Required action:
The expected output is an exact copy of the lines from the one containing "Numerous trader profile" through the final line of the entries below, with no images.

Brief descriptive captions

▼▼▼

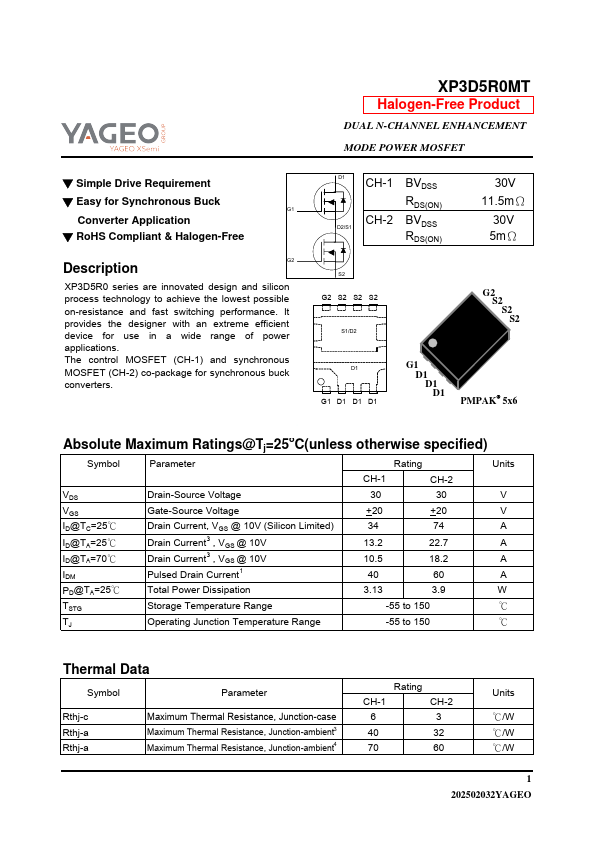 XP3D5R0MT Datasheet Preview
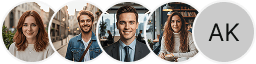 Numerous trader profile icons within a Bright Gainoresce trading review section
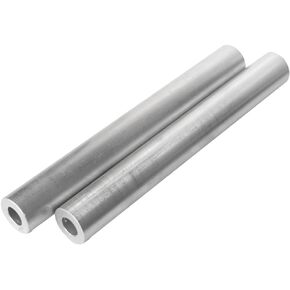 MetalSpacersOnline 6061 Round Aluminum Tube 1" OD x 1/2" ID 8" Long Seamless Straight Pipe Tubing for DIY (2 pack)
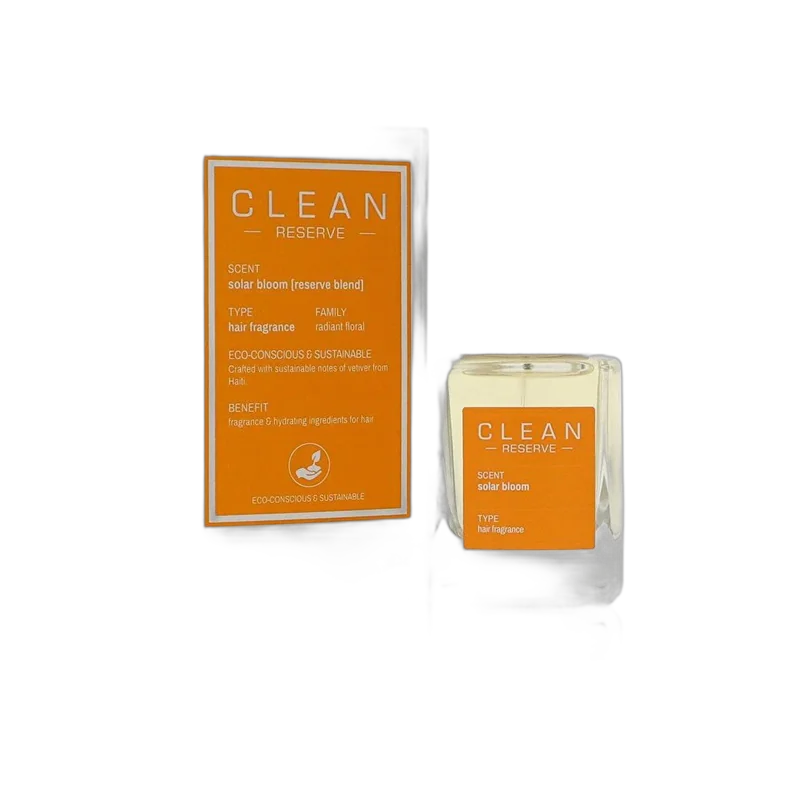 clean solar bloomhair fragrance hair fragrance
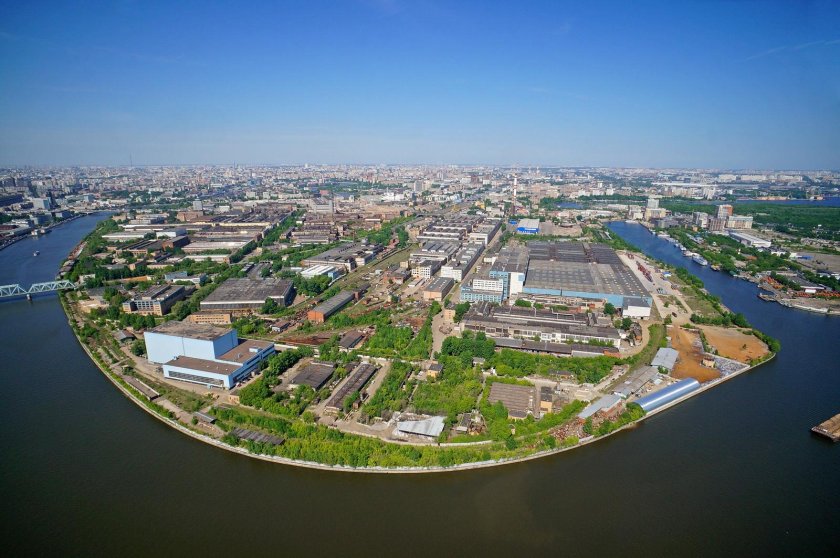 Территория завода ЗИЛ В Москве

▲▲▲

Answer box:
 Numerous trader profile icons within a Bright Gainoresce trading review section
 MetalSpacersOnline 6061 Round Aluminum Tube 1" OD x 1/2" ID 8" Long Seamless Straight Pipe Tubing for DIY (2 pack)
 clean solar bloomhair fragrance hair fragrance
 Территория завода ЗИЛ В Москве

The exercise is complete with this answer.